In the data below, find the line containing "Lody Big Milk" and the line containing "Wzrost ruchu po włączeniu nowego CSS", then reproduce them and every line between, exactly. Omit pictures.

##### INPUT RECORDS #####

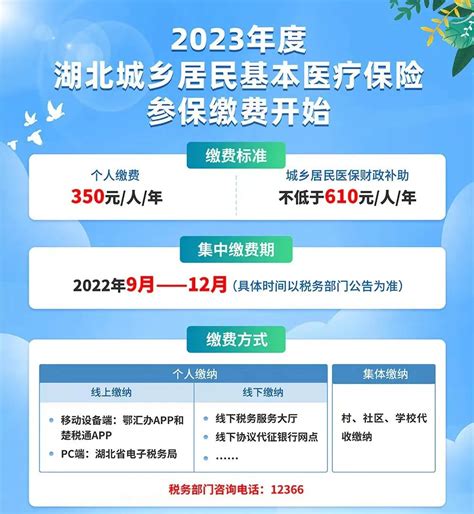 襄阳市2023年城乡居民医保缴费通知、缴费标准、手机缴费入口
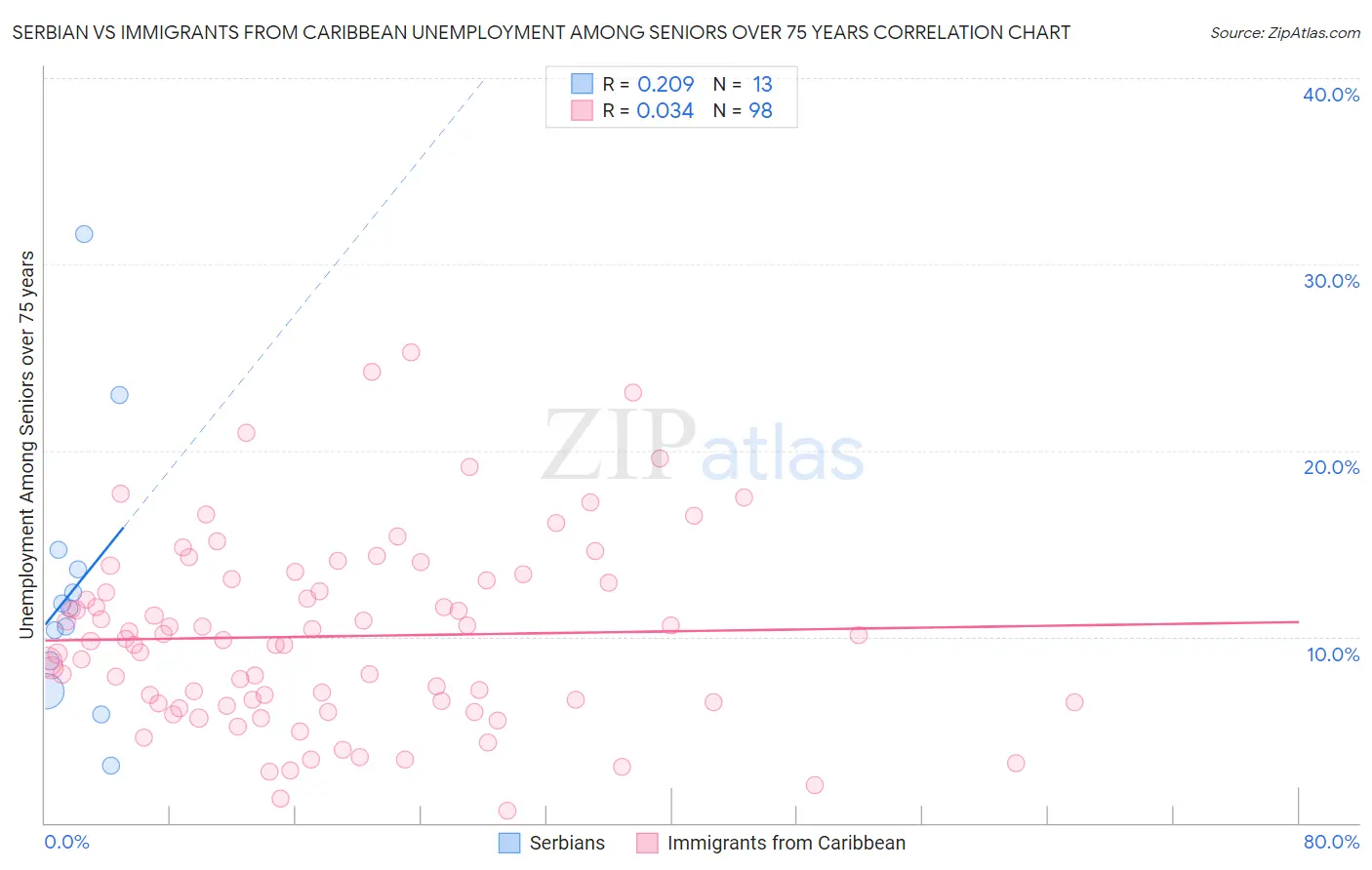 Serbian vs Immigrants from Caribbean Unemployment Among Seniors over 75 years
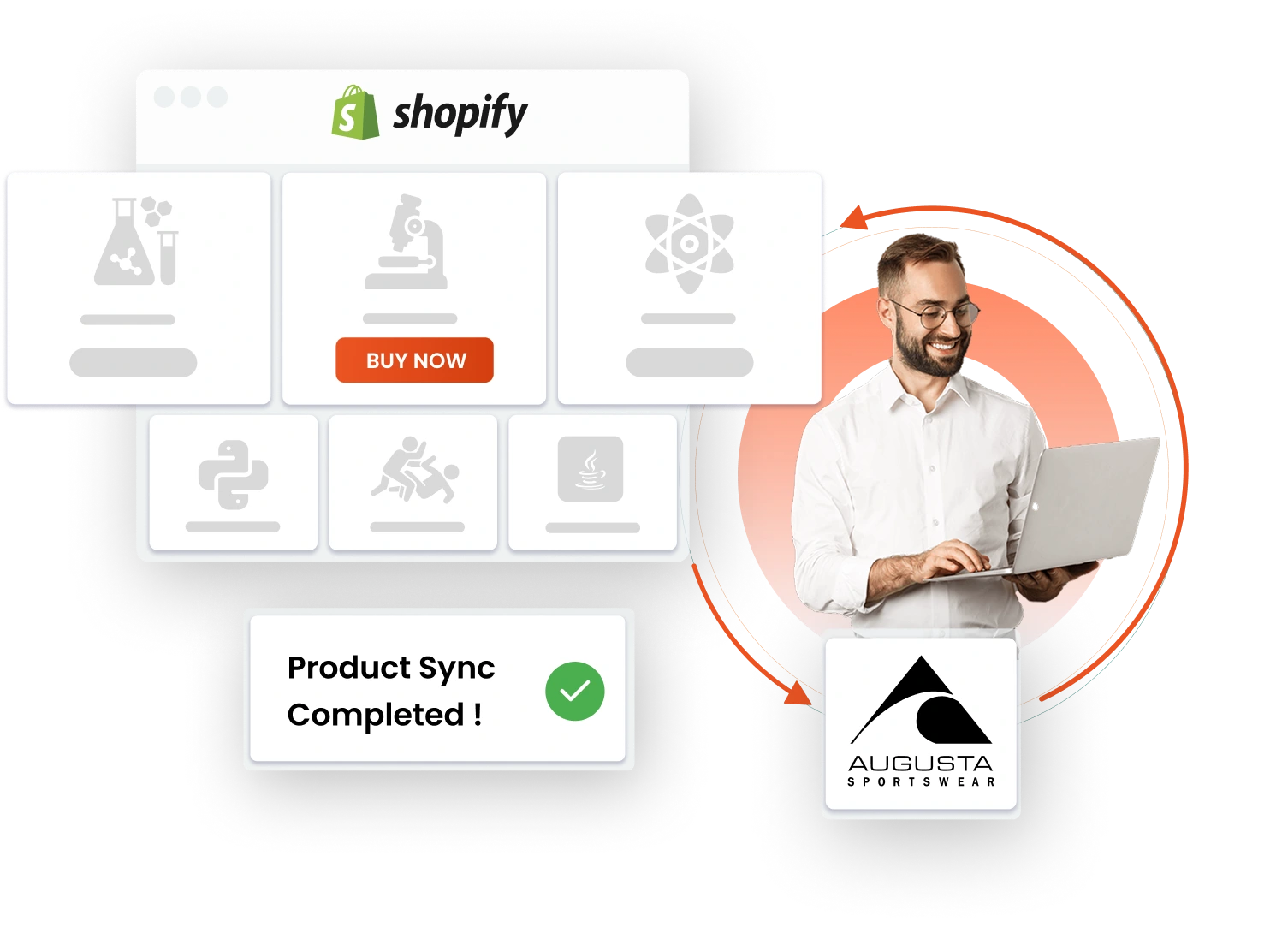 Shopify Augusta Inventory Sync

#####
##### INPUT RECORDS #####

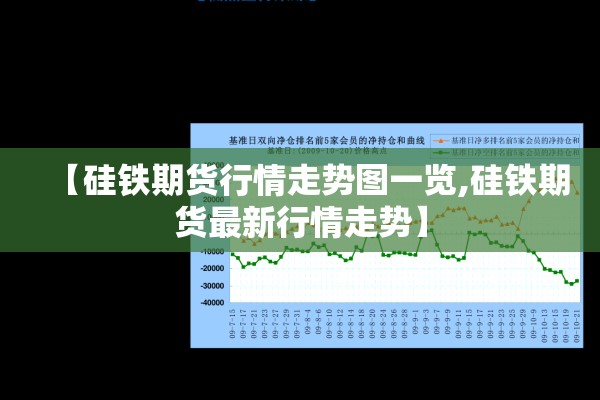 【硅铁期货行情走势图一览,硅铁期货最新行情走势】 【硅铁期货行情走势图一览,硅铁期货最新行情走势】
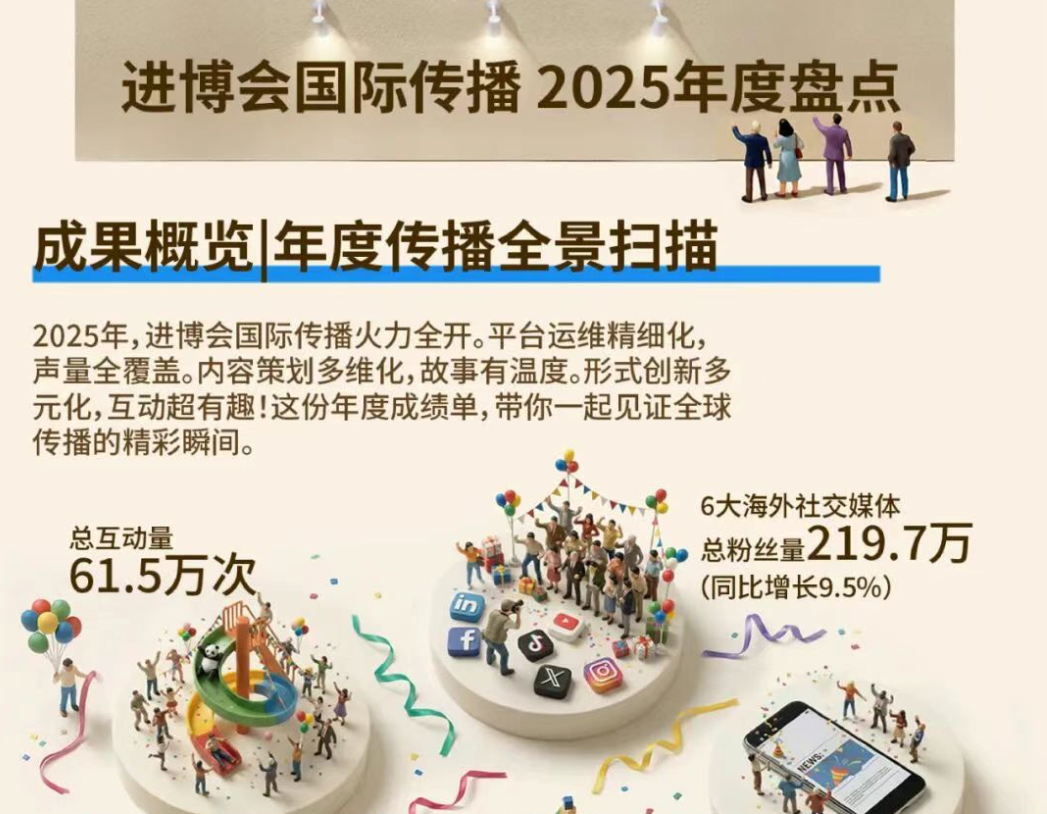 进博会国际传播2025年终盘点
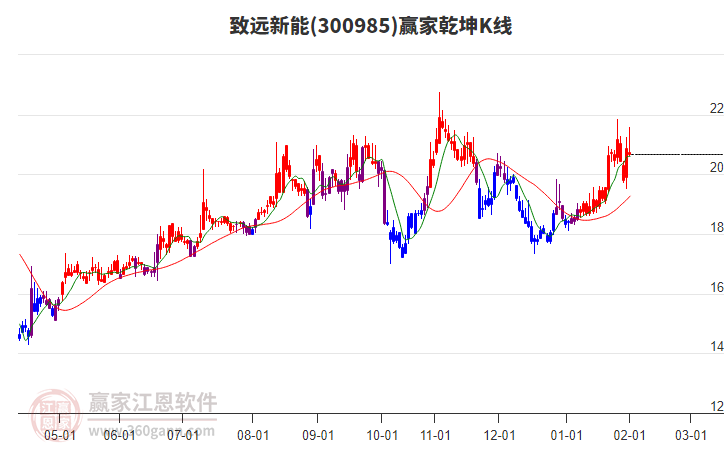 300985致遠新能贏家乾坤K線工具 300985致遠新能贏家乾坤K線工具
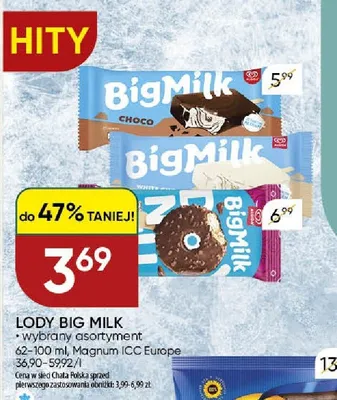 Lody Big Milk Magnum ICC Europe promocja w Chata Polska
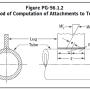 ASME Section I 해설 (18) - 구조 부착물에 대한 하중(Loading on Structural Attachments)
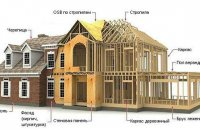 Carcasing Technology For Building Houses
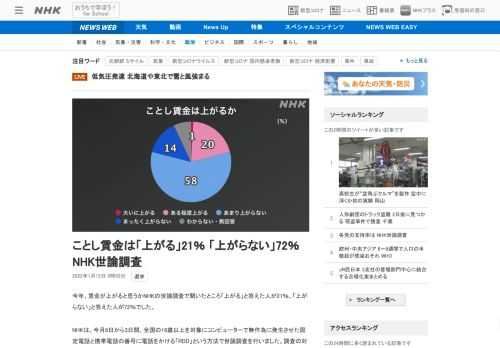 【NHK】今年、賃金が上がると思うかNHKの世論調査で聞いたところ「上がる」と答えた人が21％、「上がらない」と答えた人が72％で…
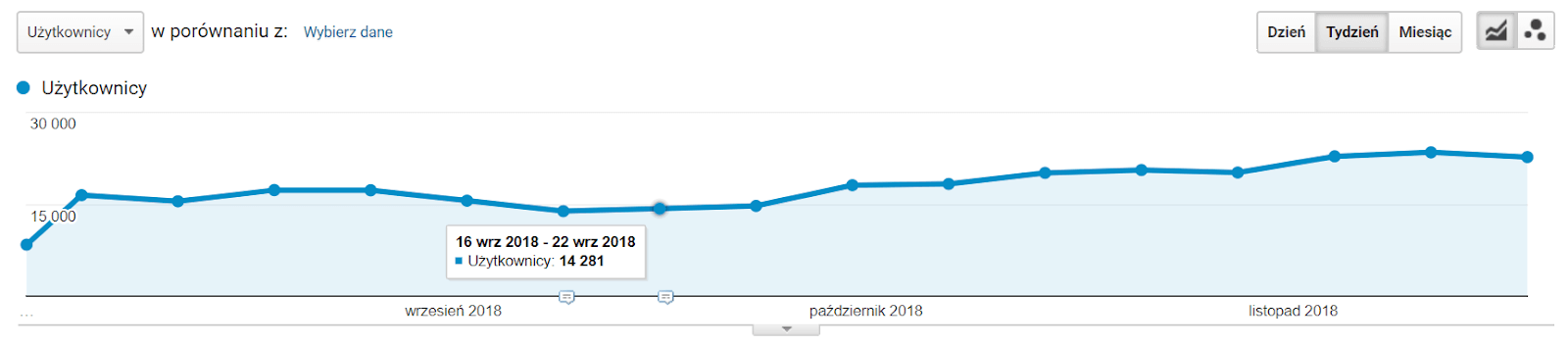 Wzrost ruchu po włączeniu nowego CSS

#####
##### INPUT RECORDS #####

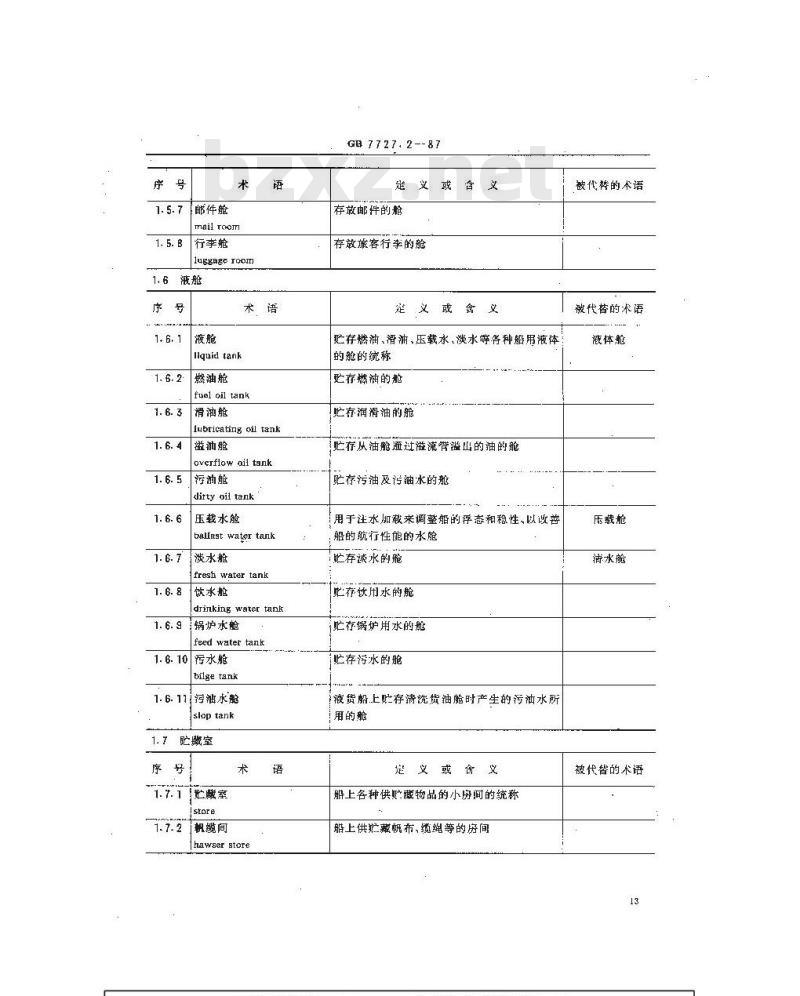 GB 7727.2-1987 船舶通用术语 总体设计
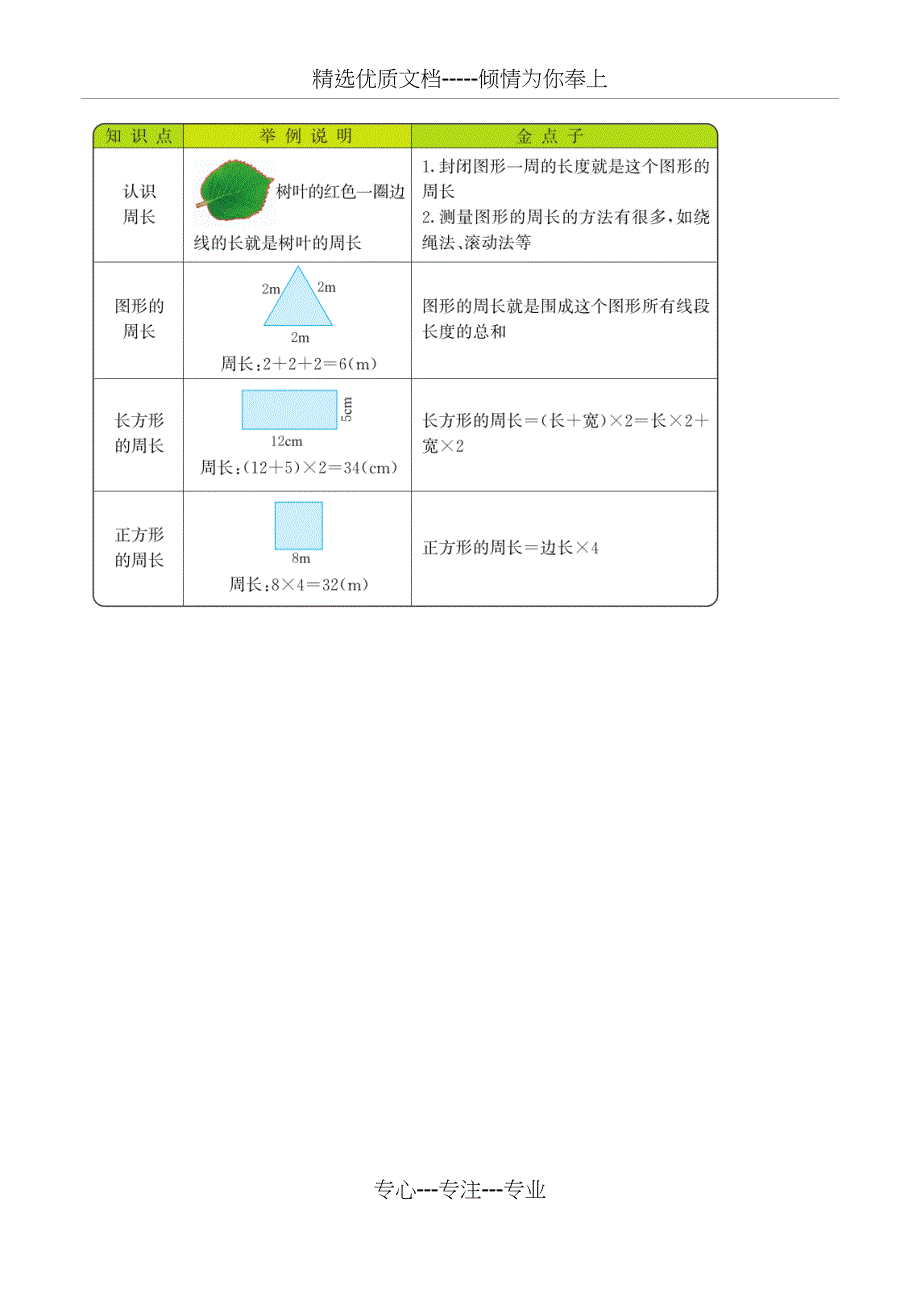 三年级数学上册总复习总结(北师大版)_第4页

#####

SOLVED PROBLEM:
 Lody Big Milk Magnum ICC Europe promocja w Chata Polska
 ASME Section I 해설 (18) - 구조 부착물에 대한 하중(Loading on Structural Attachments)
 Carcasing Technology For Building Houses
 【NHK】今年、賃金が上がると思うかNHKの世論調査で聞いたところ「上がる」と答えた人が21％、「上がらない」と答えた人が72％で…
 Wzrost ruchu po włączeniu nowego CSS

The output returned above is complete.